Lo studio, svolto per conto della Regione, che ha come obiettivo quello di mettere a punto un intervento efficace di stress management, ha interessato circa 1100 operatori delle aziende sanitarie umbre e del Lazio, dei quali il 23% uomini e 77% donne, con una età media di circa 40 anni. Lo stress è stato rilevato prima dell’intervento e a distanza di sei mesi dalla sua conclusione. Sono state riscontrate significative differenze rispetto agli operatori che non avevano partecipato a sedute di gruppo, in particolare nei livelli di stress (28% in meno). L’intervento (sette incontri di gruppo) ha concentrato la propria attenzione sulla acquisizione di consapevolezze ed abilità nella gestione dei pensieri, delle emozioni e dei comportamenti legati a situazioni stressanti.
“I dati – ha detto Lazzari - evidenziano l’efficacia dell’intervento messo a punto e confortano l’ipotesi della sua adozione su vasta scala, poiché con un investimento molto ridotto si possono ottenere significativi benefici”.
La seconda parte dello studio ha riguardato invece la qualità della vita lavorativa ed i fattori che concorrono a migliorare o peggiorare il clima organizzativo negli ospedali. “Gli studi stanno infatti evidenziando – ha rilevato David Lazzari – che in sanità lo stress dell’operatore e la qualità dei climi e processi organizzativi è strettamente legata alla qualità dell’assistenza ed alla percentuale di errori. Questa indagine ha interessato una popolazione di circa 1000 tra medici, infermieri ed altre professionalità, sempre in Umbria e nel Lazio. I dati hanno evidenziato che gli operatori e le organizzazioni sanitarie – essendo diventate nel tempo sempre più complesse – con passaggio da un lavoro parcellizzato ad un lavoro per processi ed obiettivi e da un modello di tipo piramidale ad un modello a rete, è richiesta più flessibile una maggiore responsabilizzazione e coinvolgimento più diffuso”.
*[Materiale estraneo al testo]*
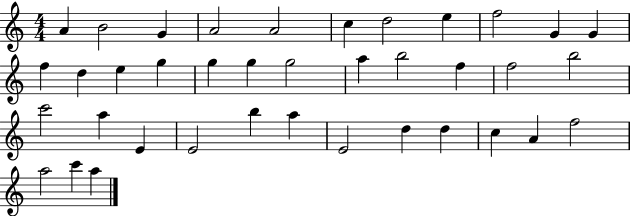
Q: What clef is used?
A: treble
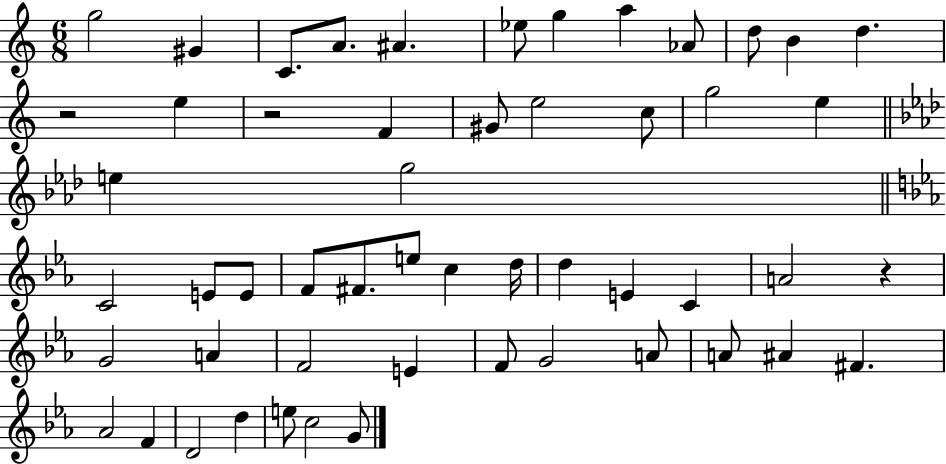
{
  \clef treble
  \numericTimeSignature
  \time 6/8
  \key c \major
  g''2 gis'4 | c'8. a'8. ais'4. | ees''8 g''4 a''4 aes'8 | d''8 b'4 d''4. | \break r2 e''4 | r2 f'4 | gis'8 e''2 c''8 | g''2 e''4 | \break \bar "||" \break \key f \minor e''4 g''2 | \bar "||" \break \key c \minor c'2 e'8 e'8 | f'8 fis'8. e''8 c''4 d''16 | d''4 e'4 c'4 | a'2 r4 | \break g'2 a'4 | f'2 e'4 | f'8 g'2 a'8 | a'8 ais'4 fis'4. | \break aes'2 f'4 | d'2 d''4 | e''8 c''2 g'8 | \bar "|."
}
Lazzari ha evidenziato che “occorre stabilire un rapporto più proficuo tra medicina e psicologia per rendere più efficaci gli interventi sanitari e porre al centro dell’attenzione le persone, non solo gli organismi. Siamo abituati ad avere a che fare con una medicina che si occupa di malattie e di corpi, non di malati e di persone – afferma David Lazzari – parallelamente pensiamo ad una psicologia che si occupa di qualcosa di astratto: menti, pensieri, fantasie, qualcosa che non ha niente a che fare con le cellule, con gli organi o con i disturbi e la malattie del nostro corpo. E’ una visione destinata a cambiare sotto la spinta di due fondamentali fattori: le tante novità fornite dalla ricerca scientifica in questi anni e le nuove esigenze e sfide che i sistemi sanitari si trovano ad affrontare”.